Laikliğe karşı propagandaya, şeriat propagandasına müsaade etmek Türkiye'nin geleceğinin yok edilmesi ve Türkiye Cumhuriyeti'nin intihar etmesini benimsemektir.
Öğrenci, memur ya da asker olan herhangi bir kişinin, dini inancına dayanarak şu ya da bu kılığı reddetmesi , ya da şu veya bu kılığı görevli ve yetkililere dikte etmesi, söz konusu olamaz.
ATATÜRK,Türkiye Cumhurlyeti'nin benimsediği laikliğin en önemli bir ayırıcı niteliğinin, "din kurallarının hiçbir biçimde ve hiçbir koşul altında devlet düzenine müdahale edememesi" olduğunu vurgulamak gereğini duymuştur.

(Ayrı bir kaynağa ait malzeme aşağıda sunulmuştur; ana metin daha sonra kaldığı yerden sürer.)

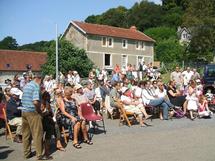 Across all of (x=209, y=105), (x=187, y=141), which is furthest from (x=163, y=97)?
(x=187, y=141)

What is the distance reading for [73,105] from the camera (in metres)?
10.8

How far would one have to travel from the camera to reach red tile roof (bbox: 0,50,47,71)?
65812 millimetres

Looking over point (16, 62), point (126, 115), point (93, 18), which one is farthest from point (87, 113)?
point (93, 18)

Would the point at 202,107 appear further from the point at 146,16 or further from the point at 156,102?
the point at 146,16

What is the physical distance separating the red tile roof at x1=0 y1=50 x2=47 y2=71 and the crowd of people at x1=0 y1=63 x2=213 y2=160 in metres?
47.6

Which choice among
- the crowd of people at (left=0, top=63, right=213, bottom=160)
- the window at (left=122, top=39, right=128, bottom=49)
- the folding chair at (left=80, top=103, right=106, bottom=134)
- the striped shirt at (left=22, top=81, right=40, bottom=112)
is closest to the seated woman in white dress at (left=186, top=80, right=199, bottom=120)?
the crowd of people at (left=0, top=63, right=213, bottom=160)

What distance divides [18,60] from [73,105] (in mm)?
59086

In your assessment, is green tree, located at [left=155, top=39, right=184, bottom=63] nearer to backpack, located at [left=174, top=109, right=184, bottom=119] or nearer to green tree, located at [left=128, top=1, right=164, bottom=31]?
green tree, located at [left=128, top=1, right=164, bottom=31]

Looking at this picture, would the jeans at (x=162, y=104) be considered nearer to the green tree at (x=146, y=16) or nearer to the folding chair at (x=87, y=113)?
the folding chair at (x=87, y=113)

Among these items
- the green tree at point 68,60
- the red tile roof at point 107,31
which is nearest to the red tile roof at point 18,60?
the red tile roof at point 107,31

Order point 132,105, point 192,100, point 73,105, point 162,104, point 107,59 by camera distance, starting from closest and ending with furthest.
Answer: point 73,105, point 132,105, point 162,104, point 192,100, point 107,59

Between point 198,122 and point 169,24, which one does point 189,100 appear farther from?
point 169,24

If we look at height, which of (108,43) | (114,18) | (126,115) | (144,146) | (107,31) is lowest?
(144,146)

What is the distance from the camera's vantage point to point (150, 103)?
14695 mm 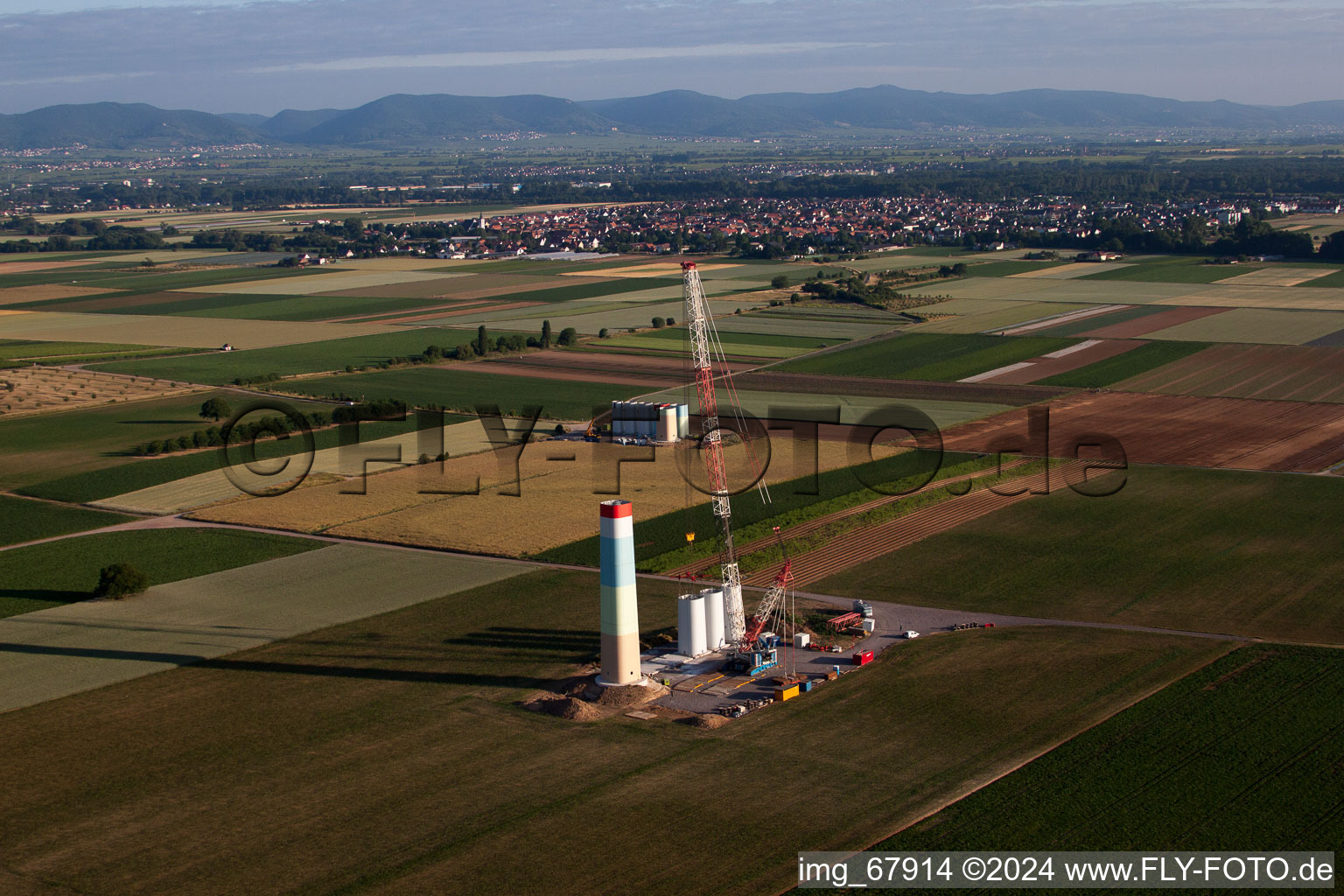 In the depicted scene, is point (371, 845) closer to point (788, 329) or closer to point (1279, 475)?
point (1279, 475)

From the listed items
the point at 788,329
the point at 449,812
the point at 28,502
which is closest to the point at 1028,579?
the point at 449,812

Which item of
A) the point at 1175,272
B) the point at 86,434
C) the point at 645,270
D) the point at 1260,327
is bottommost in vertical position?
the point at 86,434

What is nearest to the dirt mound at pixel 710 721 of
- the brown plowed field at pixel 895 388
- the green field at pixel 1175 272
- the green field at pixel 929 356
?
the brown plowed field at pixel 895 388

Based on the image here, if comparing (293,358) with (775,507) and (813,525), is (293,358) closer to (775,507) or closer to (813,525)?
(775,507)

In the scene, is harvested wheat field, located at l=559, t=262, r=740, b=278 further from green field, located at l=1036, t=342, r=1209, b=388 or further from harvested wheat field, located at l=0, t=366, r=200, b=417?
harvested wheat field, located at l=0, t=366, r=200, b=417

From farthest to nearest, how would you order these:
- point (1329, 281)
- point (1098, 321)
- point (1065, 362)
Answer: point (1329, 281), point (1098, 321), point (1065, 362)

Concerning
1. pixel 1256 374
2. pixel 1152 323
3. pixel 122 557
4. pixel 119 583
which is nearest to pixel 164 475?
pixel 122 557

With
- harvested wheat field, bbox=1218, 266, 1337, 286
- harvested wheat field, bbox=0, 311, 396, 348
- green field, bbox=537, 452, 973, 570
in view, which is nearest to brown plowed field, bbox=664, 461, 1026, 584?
green field, bbox=537, 452, 973, 570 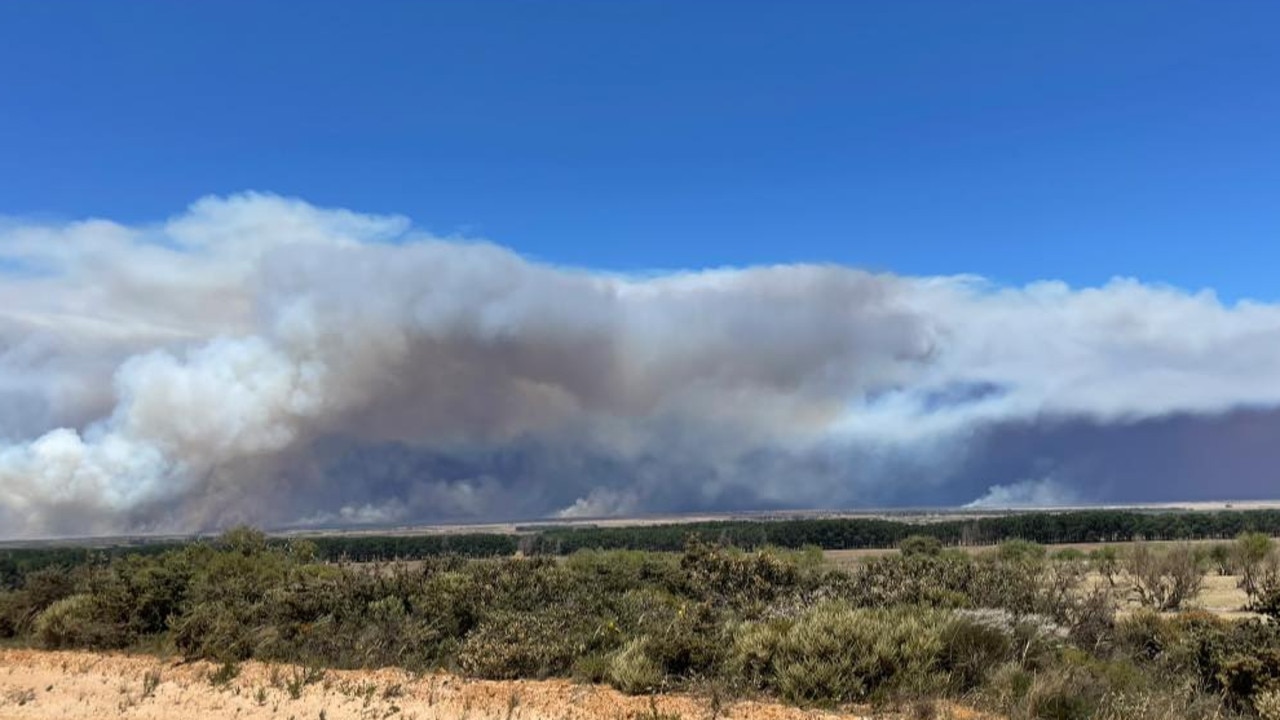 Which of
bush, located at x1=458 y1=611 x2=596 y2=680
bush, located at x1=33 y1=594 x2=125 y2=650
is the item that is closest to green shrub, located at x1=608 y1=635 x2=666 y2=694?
bush, located at x1=458 y1=611 x2=596 y2=680

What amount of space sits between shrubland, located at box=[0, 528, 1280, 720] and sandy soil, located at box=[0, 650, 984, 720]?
0.68 meters

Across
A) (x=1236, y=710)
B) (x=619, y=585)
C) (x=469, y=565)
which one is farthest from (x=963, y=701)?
(x=469, y=565)

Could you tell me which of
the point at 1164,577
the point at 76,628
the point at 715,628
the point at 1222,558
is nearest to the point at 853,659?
the point at 715,628

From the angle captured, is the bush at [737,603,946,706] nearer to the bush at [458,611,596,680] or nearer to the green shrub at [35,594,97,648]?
the bush at [458,611,596,680]

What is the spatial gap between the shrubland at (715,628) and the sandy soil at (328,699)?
680 mm

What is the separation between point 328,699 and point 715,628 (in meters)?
7.18

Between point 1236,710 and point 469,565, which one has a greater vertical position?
point 469,565

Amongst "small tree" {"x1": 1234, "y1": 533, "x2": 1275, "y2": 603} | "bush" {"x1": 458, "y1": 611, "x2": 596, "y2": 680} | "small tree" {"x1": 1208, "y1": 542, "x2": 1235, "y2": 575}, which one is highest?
"bush" {"x1": 458, "y1": 611, "x2": 596, "y2": 680}

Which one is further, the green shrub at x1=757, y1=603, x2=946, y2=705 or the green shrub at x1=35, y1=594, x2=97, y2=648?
the green shrub at x1=35, y1=594, x2=97, y2=648

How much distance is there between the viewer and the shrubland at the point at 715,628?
13602 mm

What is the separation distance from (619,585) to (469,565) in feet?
16.6

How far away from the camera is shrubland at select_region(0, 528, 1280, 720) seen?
13.6 meters

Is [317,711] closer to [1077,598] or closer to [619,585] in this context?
[619,585]

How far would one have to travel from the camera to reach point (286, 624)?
19.7 metres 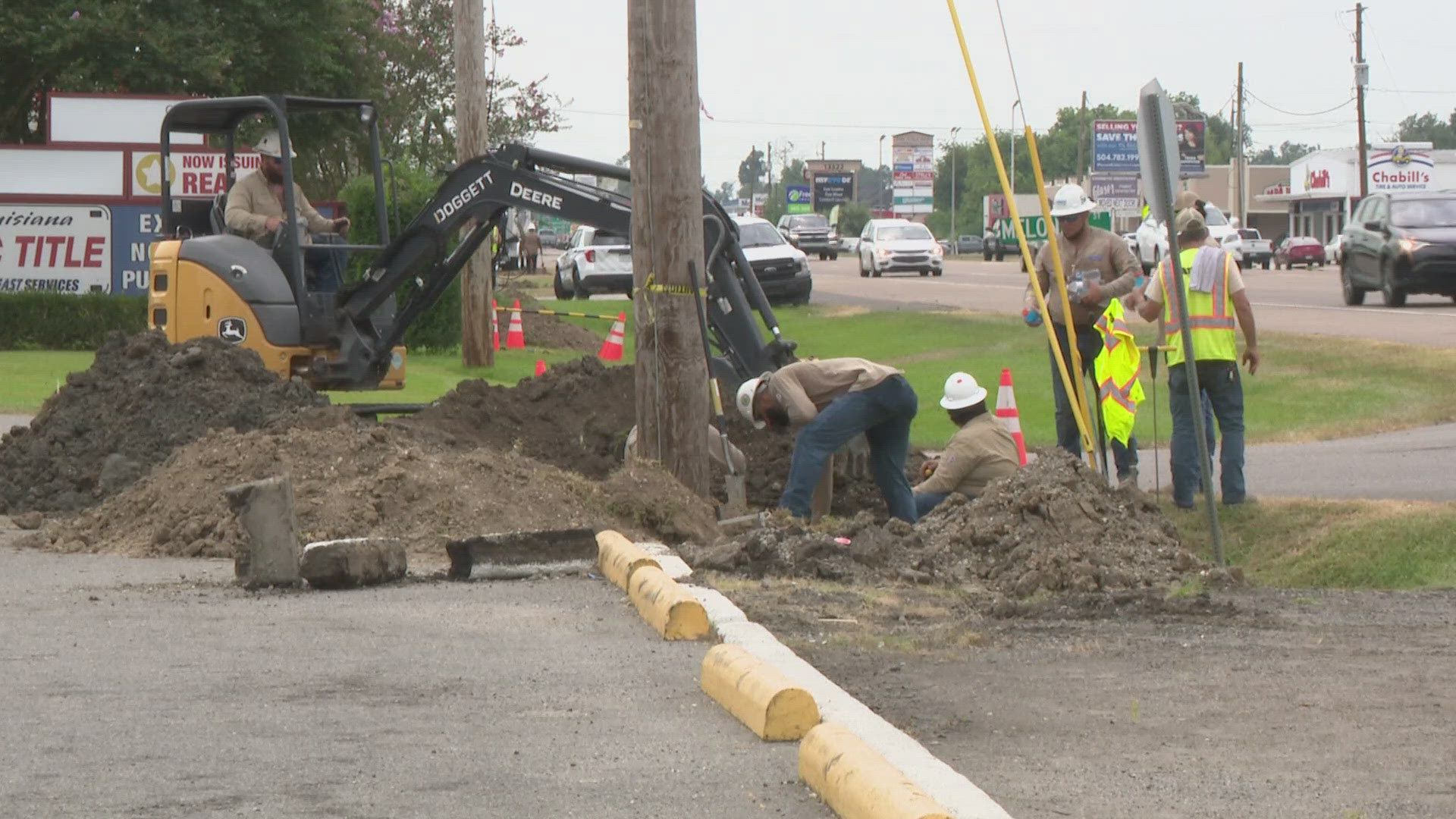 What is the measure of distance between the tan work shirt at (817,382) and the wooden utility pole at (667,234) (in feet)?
1.62

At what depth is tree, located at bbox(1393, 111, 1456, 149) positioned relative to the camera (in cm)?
17988

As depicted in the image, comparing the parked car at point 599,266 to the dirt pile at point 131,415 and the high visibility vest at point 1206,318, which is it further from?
the high visibility vest at point 1206,318

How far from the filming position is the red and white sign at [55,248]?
1158 inches

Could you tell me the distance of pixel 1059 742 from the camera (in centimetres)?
608

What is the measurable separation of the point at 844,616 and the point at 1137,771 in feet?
9.58

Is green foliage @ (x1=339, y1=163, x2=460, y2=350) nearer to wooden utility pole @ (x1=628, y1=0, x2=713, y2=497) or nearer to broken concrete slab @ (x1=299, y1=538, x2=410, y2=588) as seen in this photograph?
wooden utility pole @ (x1=628, y1=0, x2=713, y2=497)

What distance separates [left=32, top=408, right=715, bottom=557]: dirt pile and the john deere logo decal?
3.48 meters

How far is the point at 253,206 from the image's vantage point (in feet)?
52.2

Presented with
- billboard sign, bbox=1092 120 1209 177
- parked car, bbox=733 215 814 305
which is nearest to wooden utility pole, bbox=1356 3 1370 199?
billboard sign, bbox=1092 120 1209 177

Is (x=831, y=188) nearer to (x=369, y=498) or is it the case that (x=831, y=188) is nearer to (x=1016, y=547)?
(x=369, y=498)

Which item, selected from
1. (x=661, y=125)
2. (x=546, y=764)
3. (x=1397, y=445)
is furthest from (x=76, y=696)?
(x=1397, y=445)

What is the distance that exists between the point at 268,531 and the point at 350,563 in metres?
0.42

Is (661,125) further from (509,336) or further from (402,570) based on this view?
(509,336)

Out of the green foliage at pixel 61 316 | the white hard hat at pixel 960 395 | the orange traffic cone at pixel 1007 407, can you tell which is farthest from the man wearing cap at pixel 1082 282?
the green foliage at pixel 61 316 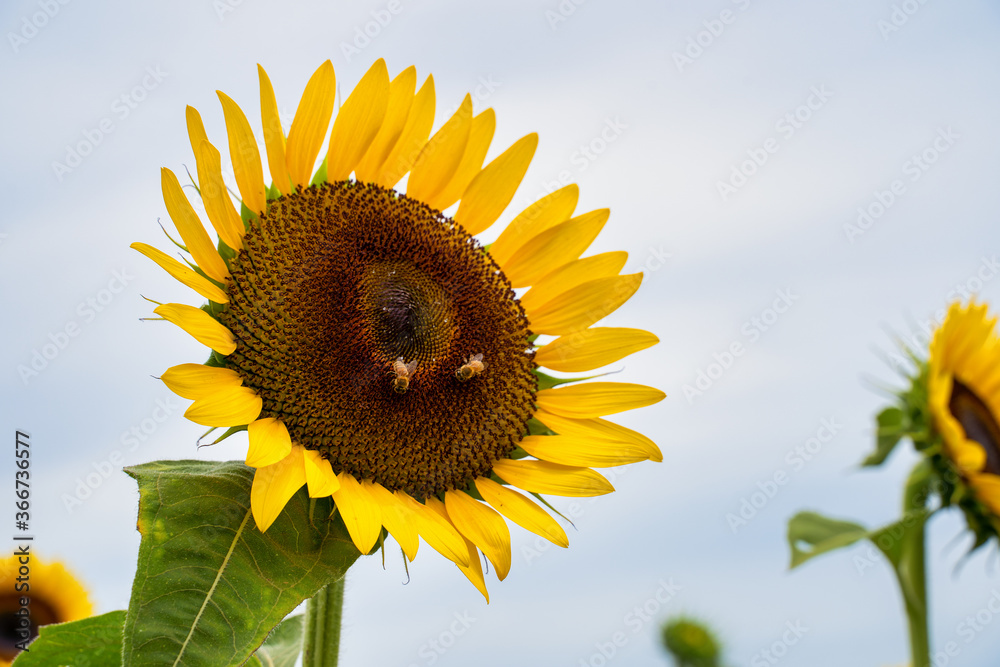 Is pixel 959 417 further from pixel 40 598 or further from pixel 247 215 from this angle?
pixel 40 598

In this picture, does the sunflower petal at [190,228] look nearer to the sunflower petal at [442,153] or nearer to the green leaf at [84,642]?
the sunflower petal at [442,153]

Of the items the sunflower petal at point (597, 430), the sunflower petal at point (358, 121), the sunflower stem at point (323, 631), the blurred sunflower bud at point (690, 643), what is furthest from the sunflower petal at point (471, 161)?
the blurred sunflower bud at point (690, 643)

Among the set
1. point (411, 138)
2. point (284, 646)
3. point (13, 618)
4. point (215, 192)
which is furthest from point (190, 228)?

Türkiye Cumhuriyeti'nin çağdaş ve uygar bir devlet olarak kalabilmesinin, hatta bağımsızlığını ve varlığını koruyabilmesinin temelini ve güvencesini oluşturan laiklik ilkesinin yok olmasını, bir başka deyişle "toplumumuzun ve devletimizin, 1400 yıl önceki koşullara göre öngörülmüş kurallar çerçevesi ve cenderesi içinde
yöneltilerek çağ dışılığa mahkum edilmesi sonucuna ulaştıracak şeriat düzeninin gelmesini" gerçekleştirecek ÖRGÜTLÜ çabalara asla izin verilmez.